At one point he admits that he has been in love, and says that if that hadn’t happened he never would have cried. No mention is made of the likelihood that, probably through no fault of his own, he’d suffered a bad love experience. That’s what often happens when shy solitary people try to connect with social people – bad connections, with painful consequences.
Yes, it was a disappointment to find that Simon and Garfunkel were not sympathetic with people like me. But I forgave them. How could I not forgive them when they produced songs like The Sound of Silence, Mrs Robinson, and The Boxer, three of the finest pieces of highway music ever written?
The young man you see in the 1968 mining certificate photo above carried I Am a Rock inside himself as a personal anthem for years. If he looks a bit haunted, that’s only because he had just returned from months of wandering through the mountainous green country in southern Mexico and Guatemala, and he’d only recently gazed into a pair of dark beautiful eyes that, although he would soon return to Mexico looking for them, he would never see again.
But in Mexico, where he’d begun to learn Spanish, he’d also begun to learn that shyness and solitude were perceived differently in Spanish culture. In Spanish literature the stories about solitude and solitary people were legion.
But there is no finer recognition of shyness and the solitary mind than in the 1973 song of singer/songwriter Emilio José, Soledad.
The word ‘soledad’ translates as either solitude or aloneness. It is both of those, but in Spanish the meaning seems deeper and richer. The song begins with the singer declaring that his, or her, ‘soledad’ is like a poppy growing alone in a field of wheat. It is a….

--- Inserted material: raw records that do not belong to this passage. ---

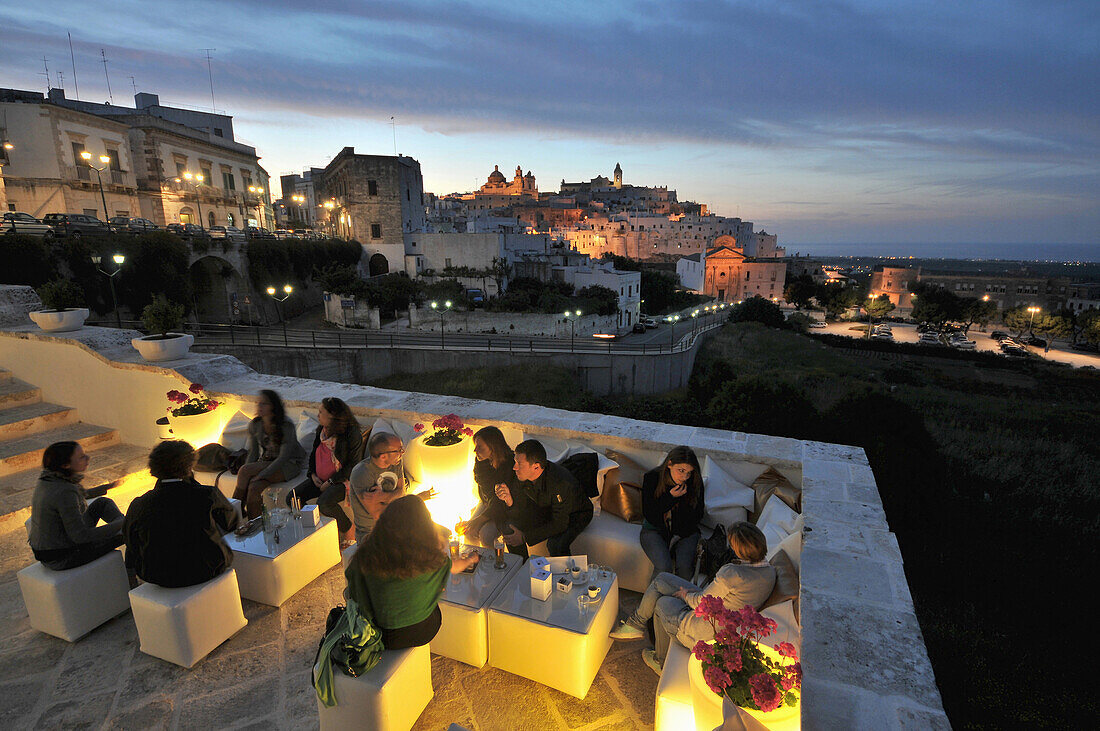 Altstadt von Ostuni mit Café im Abendlicht, Apulien, Italien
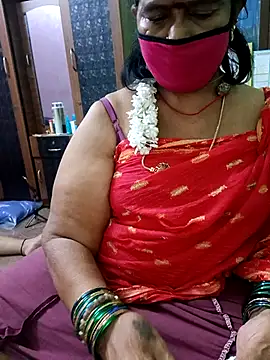 Snapshot of savithasree chatting on November 4, 2025, 6:33 pm savithasree online show from November 4, 2025, 6:33 pm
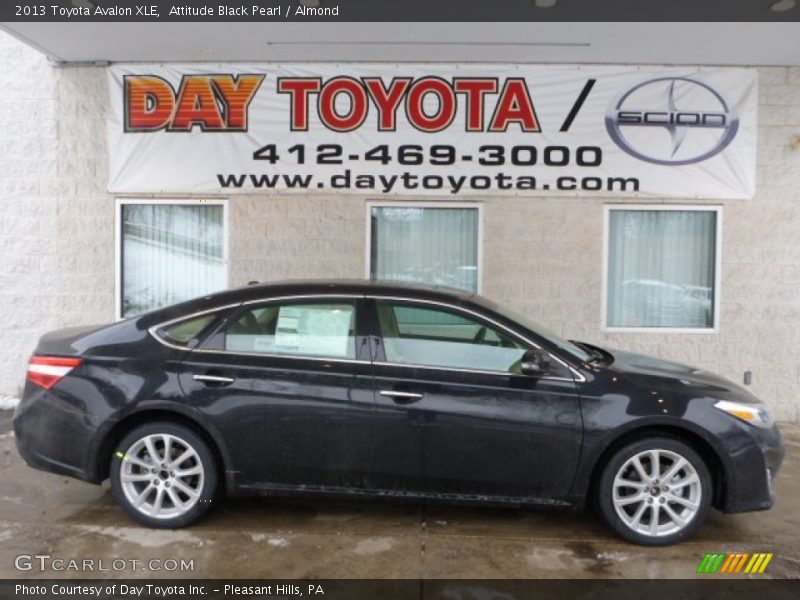 Attitude Black Pearl / Almond 2013 Toyota Avalon XLE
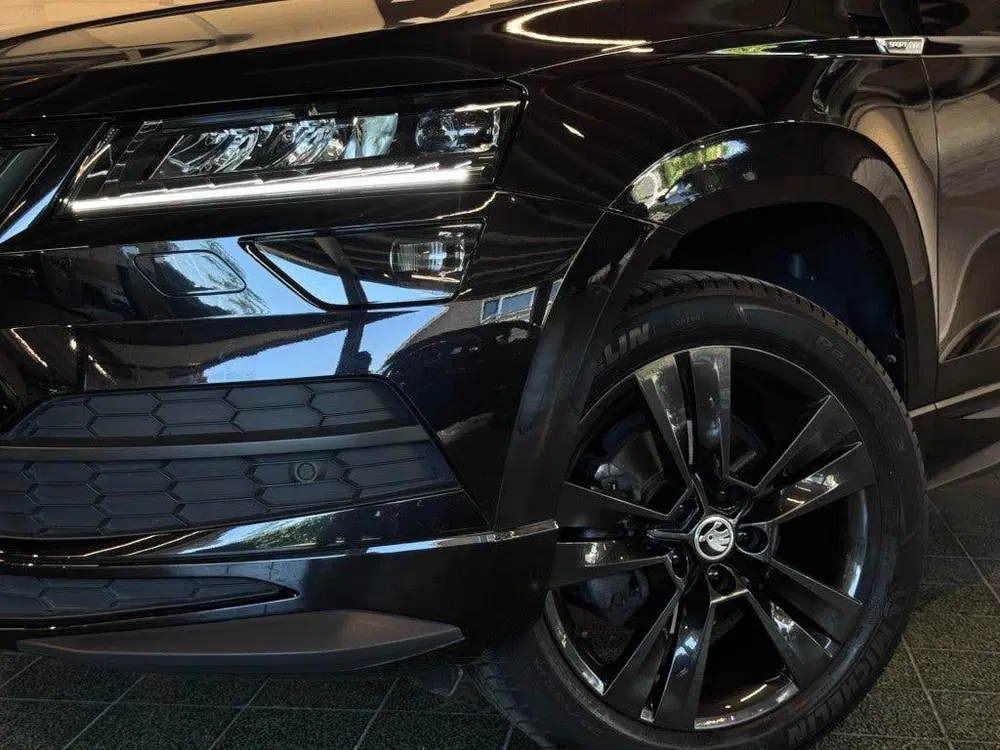 Skoda Karoq 1.5 TSI Sportline Business Stoel- stuurver uit 2021, foto 5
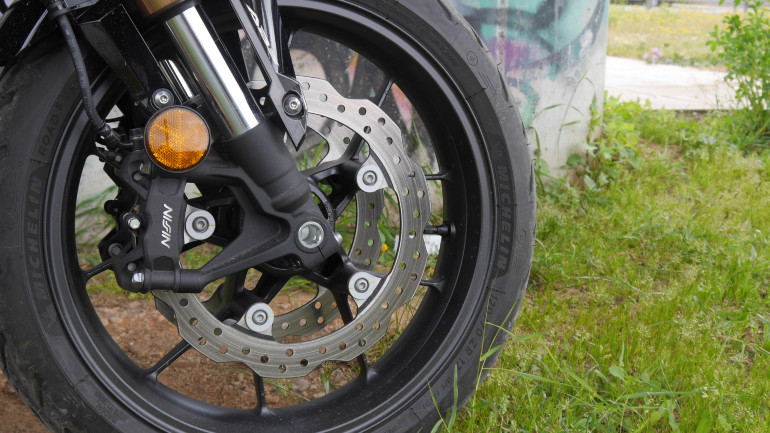 Άφθονη δύναμη από τα φρένα με ισορροπημένη προοδευτικότητα και αίσθηση στη μανέτα.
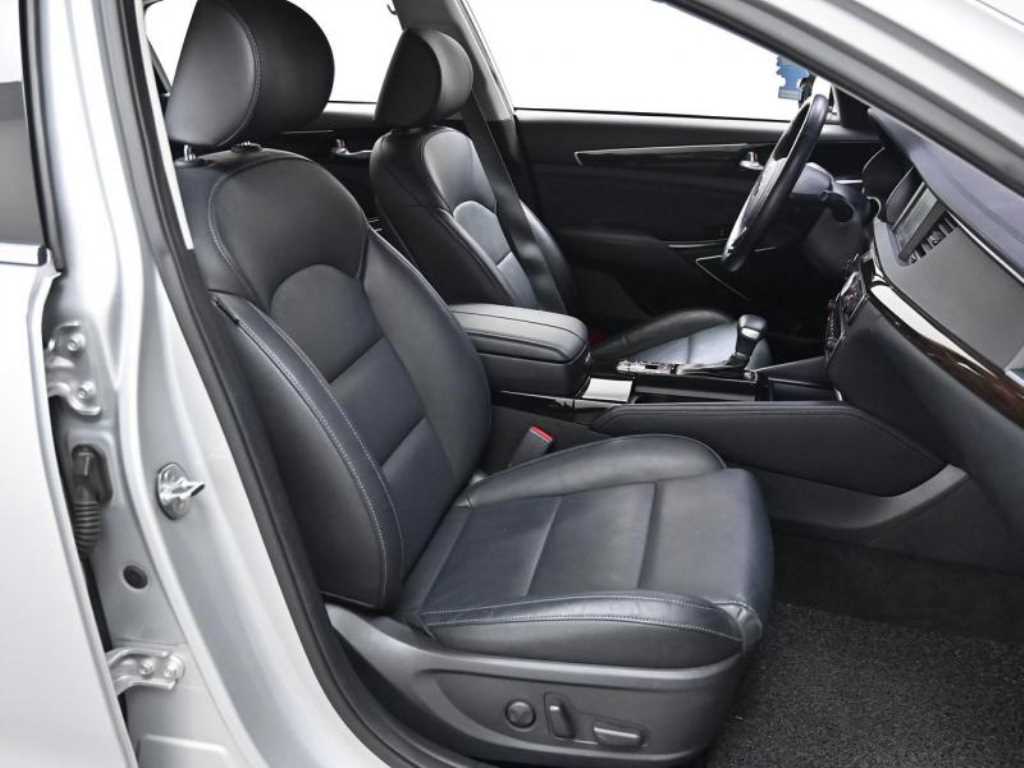 KIA K7 - Vista 10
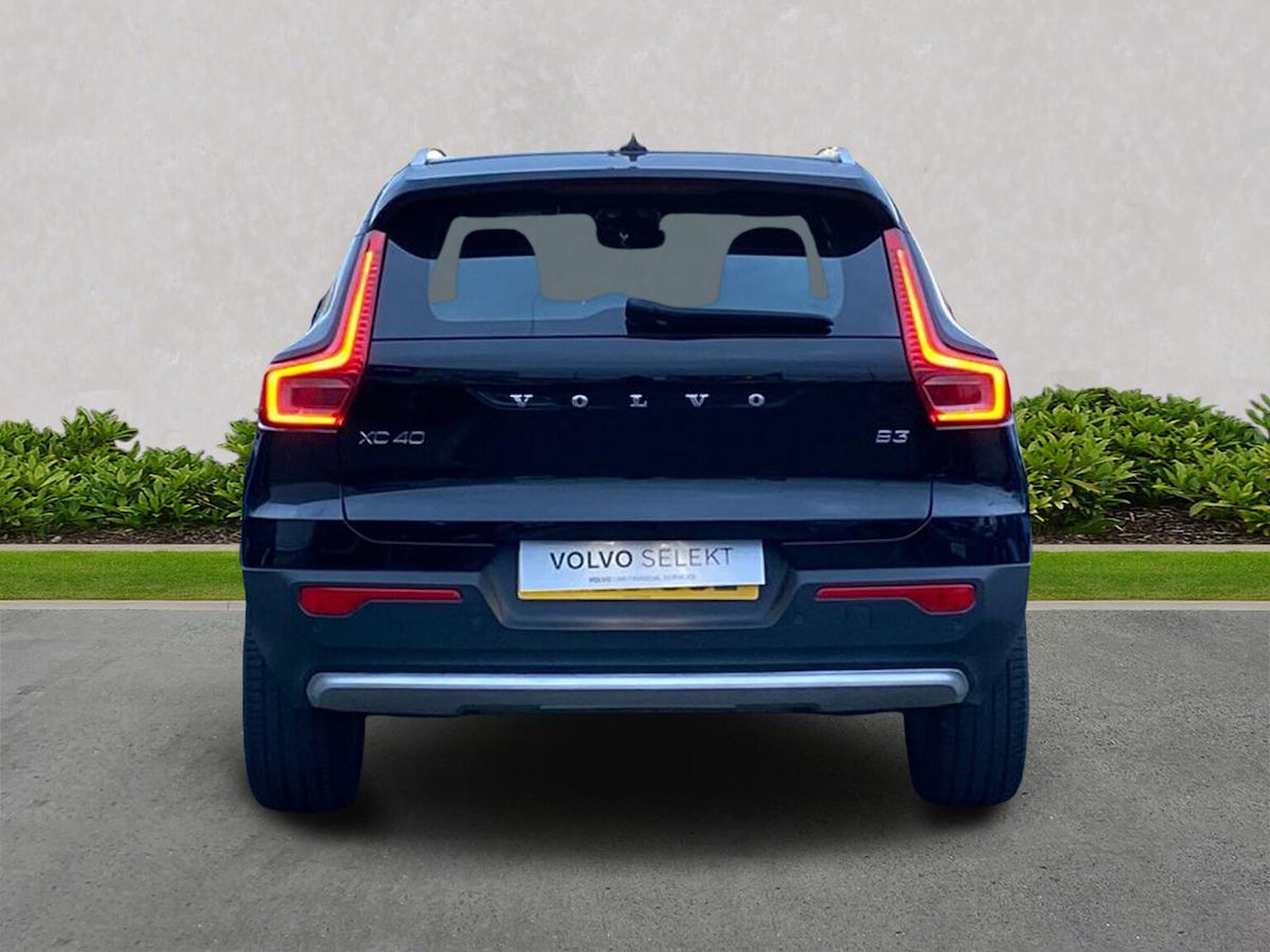 Used Volvo XC40 2023 for sale - 76510781: Photo 5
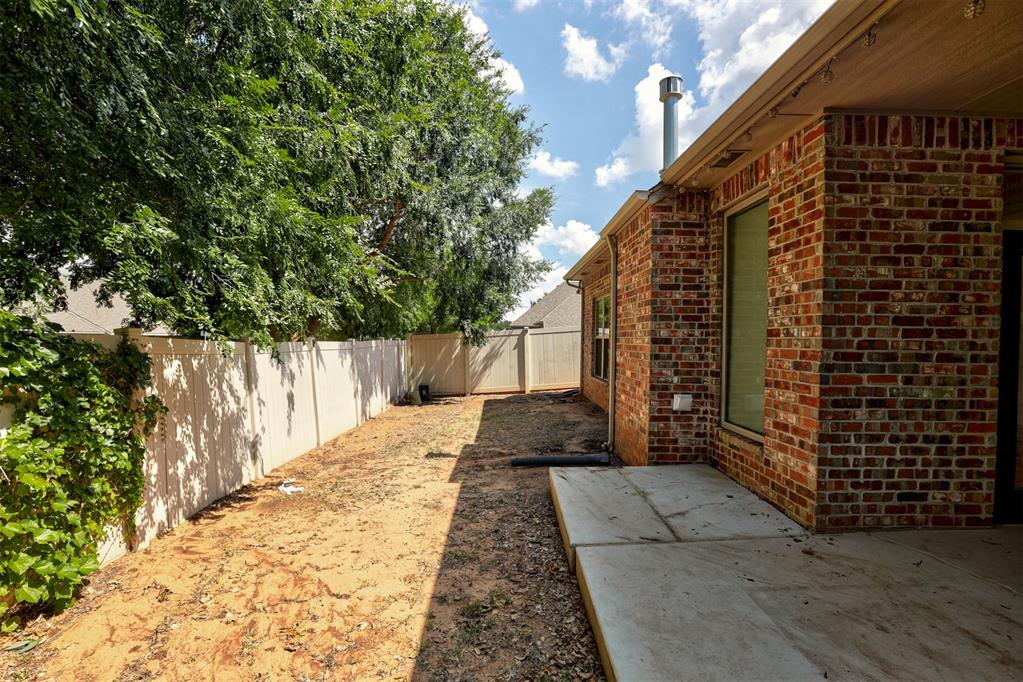 17805 Griffin Gate Drive Property Photo 42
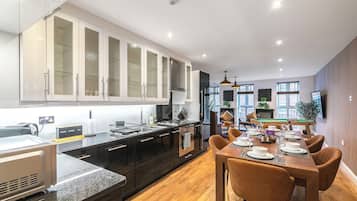 Een koelkast, een magnetron, een oven, een kookplaat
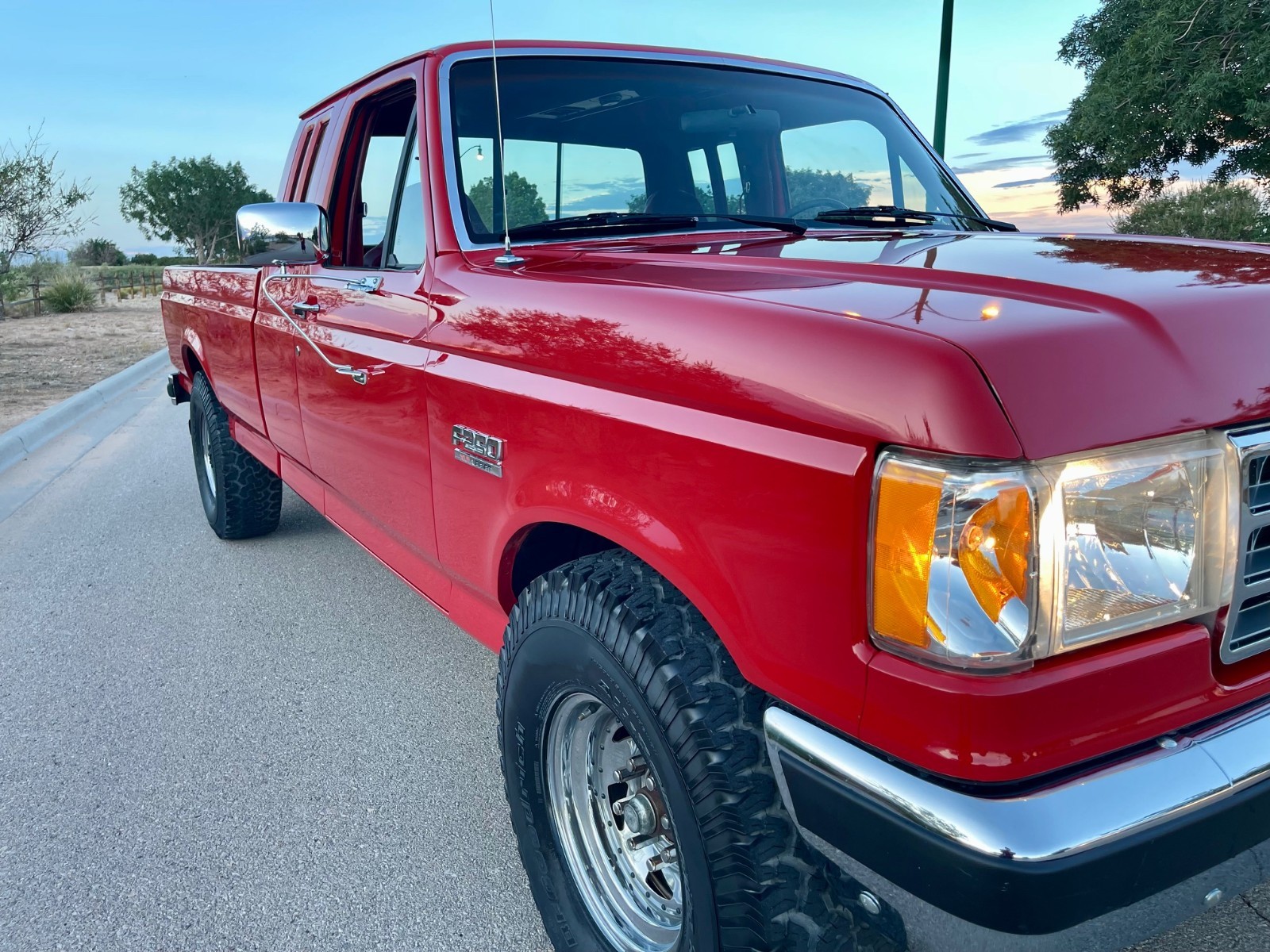 Ford-F-250-1988-Extended-Cab-Pickup-18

criatura primarosa, que no sabe que es hermosa, ni sabe de amor ni enganos.
An ‘exquisite creature that doesn’t know that it is beautiful, and knows nothing of love or deception’ (my translation). The singer goes on to say that he wants it to remain that way, so it can continue to be genuine and natural ‘like the clear water that rises happily up from a spring, not knowing where it is going’.
This is not just an acceptance of shyness and solitary behavior – it is a celebration of them. When I first heard Soledad, it entered my life like a happy spring, and it has never left. The song became famous in Europe, if less so in North America, and deservedly so.
No, in North America you’re not supposed to sing of the beauty of solitude and aloneness, nor its ability to nourish the soul, but that doesn’t mean you can’t sing about it anyway.
Yes, the young man in the photo had begun to learn these things. He’d begun to write the first Alan Conrad stories too, and, although those stories would be all be rejected by publishers over the next forty years, he would never desert them. His experiences in Mexico, combined with the literature and songs of Spanish culture, would be the only antidote he needed to counter the strange pressure that exists in our culture to have everyone think in the same vein, with the same shared set of values. He knew already that he was on an island, and that it would have to be an island of rock if it was not going to be eroded by the sea of North American culture that, despite its professions to the contrary, wants everyone to think alike.